Woodside is a town in the Adelaide Hills region of South Australia. The town is between Balhannah and Lobethal, 37 km from the state capital, Adelaide. Mount Barker is also nearby.

==Description==
The town is a useful traffic hub linking Oakbank, Lobethal and Charleston. It is on the Onkaparinga Valley Road, South Australian route B34, and is 25 km due East of Adelaide's CBD.

Amenities include a swimming pool, library, second hand store, grocery store, Cricket Club, tennis club, netball club, two pubs, lawyer, bowls club, and playing fields. Local businesses include Woodside Cheese Wrights, Melbas Chocolate Factory, a Lobethal Bakery and Bird in Hand winery.

It includes Inverbrackie, the site of Woodside Barracks which is the home base of the 16th Regiment, Royal Australian Artillery ground-based air defence unit.

Woodside Air Base was used by Aerotech for aerial firefighting, who relocated to Claremont Airbase near Brukunga in 2016.

== History ==
The first European explorers through the Woodside district were Dr George Imlay and John Hill in January 1838.
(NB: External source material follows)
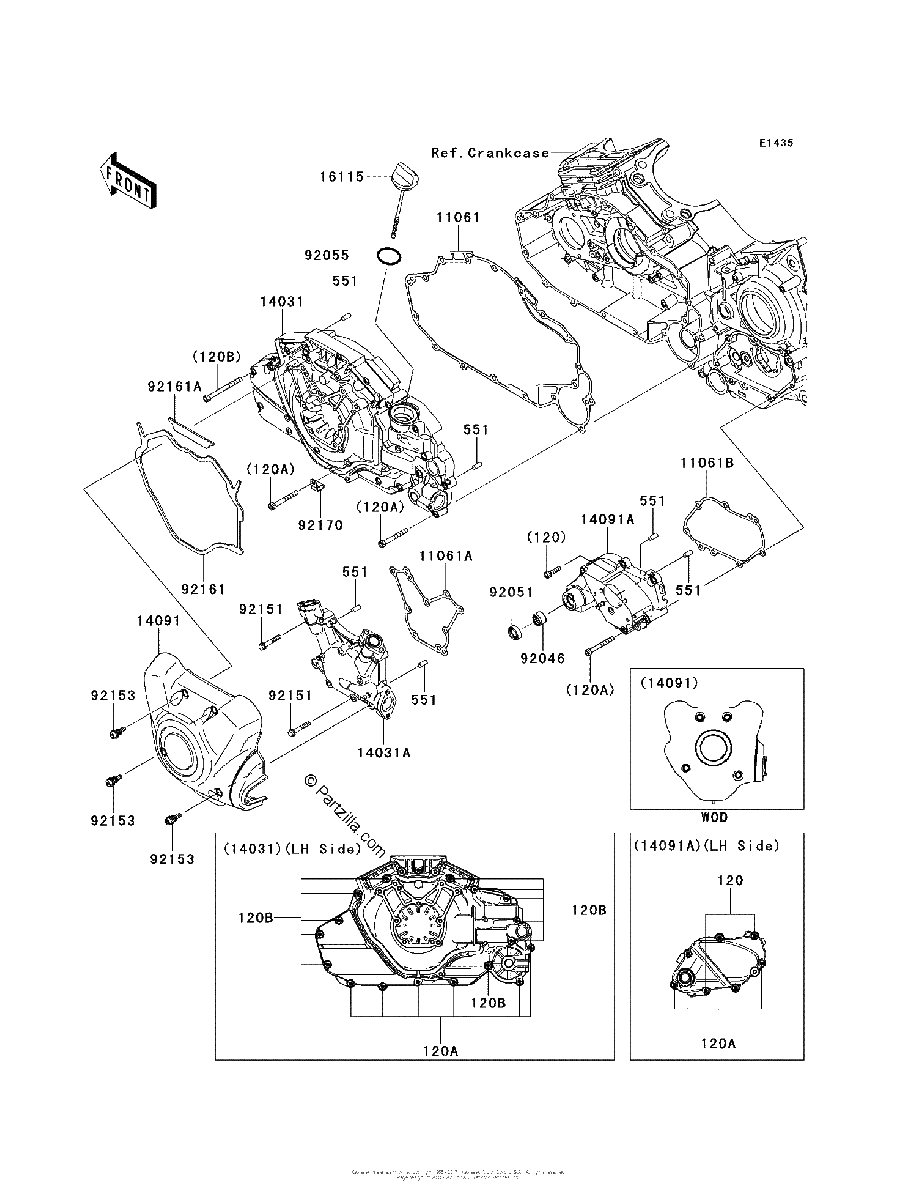 Diagrama de LEFT ENGINE COVER S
In 1839 the South Australian Company took out several special surveys which secured much of the central Mount Lofty Ranges and the sources of the Onkaparinga.

The Johnston family of Oakbank founded Woodside in the 1850s, primarily to improve their brewery business.

Gold was discovered in area. The largest mine was the Bird-in-Hand mine which operated from 1881 to 1889.

Annual motor races for bikes and cars were held on a street circuit in Woodside each October from 1947 to 1951 before the State Government banned the closing of public roads for racing.

The Mount Pleasant railway line served Woodside from 1918 until 1963.

There was an army base here. There was also an immigration detention centre here and it was open for many years.